----- Collected data

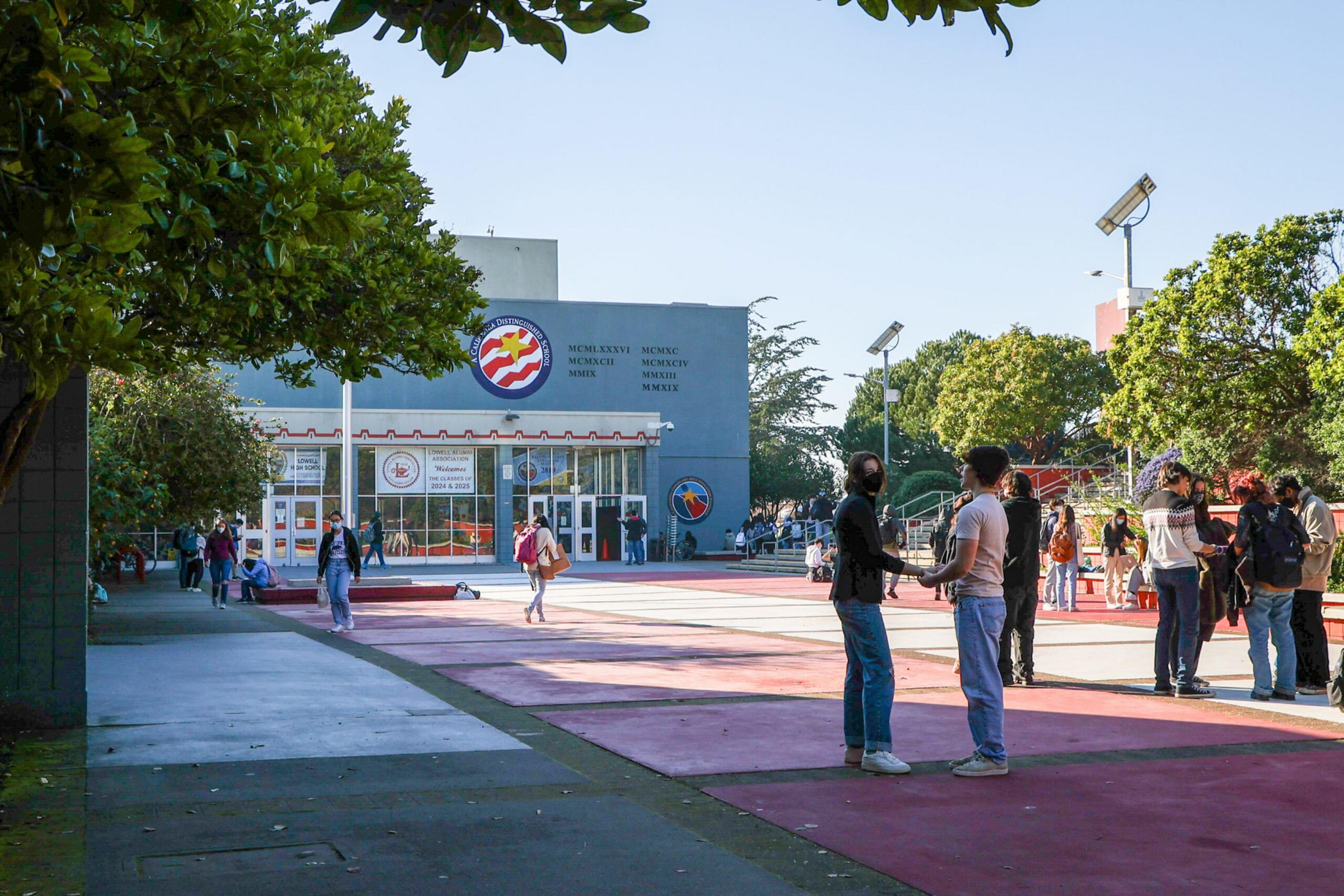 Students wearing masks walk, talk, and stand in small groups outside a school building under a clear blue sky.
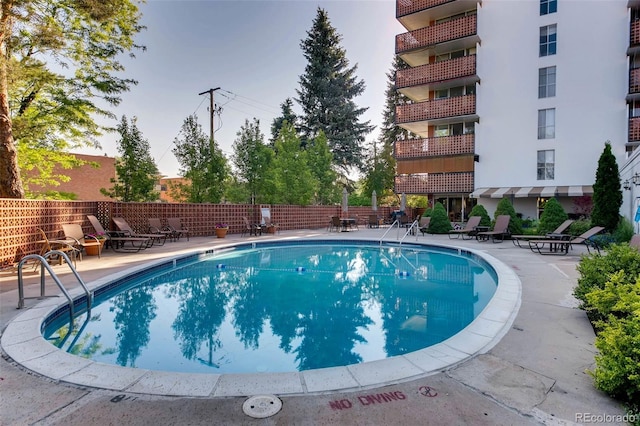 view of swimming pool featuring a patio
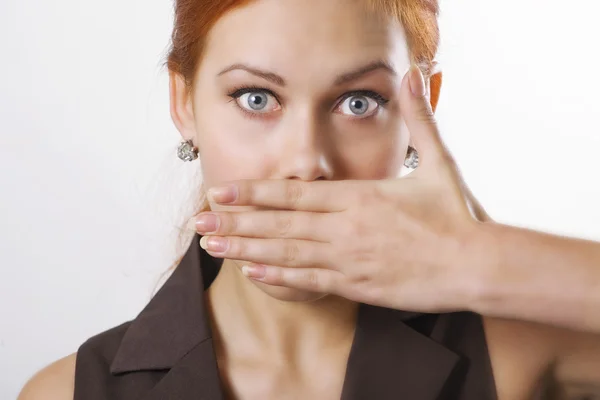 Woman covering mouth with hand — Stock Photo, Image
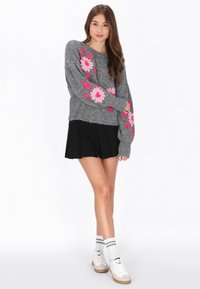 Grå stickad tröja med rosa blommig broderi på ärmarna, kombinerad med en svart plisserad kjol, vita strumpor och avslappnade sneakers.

----------

Exercise requirements:
Except for the pictures, the whole listing above should be transcribed exactly.

Response box:
 Students wearing masks walk, talk, and stand in small groups outside a school building under a clear blue sky.
 view of swimming pool featuring a patio
 Woman covering mouth with hand — Stock Photo, Image
 Grå stickad tröja med rosa blommig broderi på ärmarna, kombinerad med en svart plisserad kjol, vita strumpor och avslappnade sneakers.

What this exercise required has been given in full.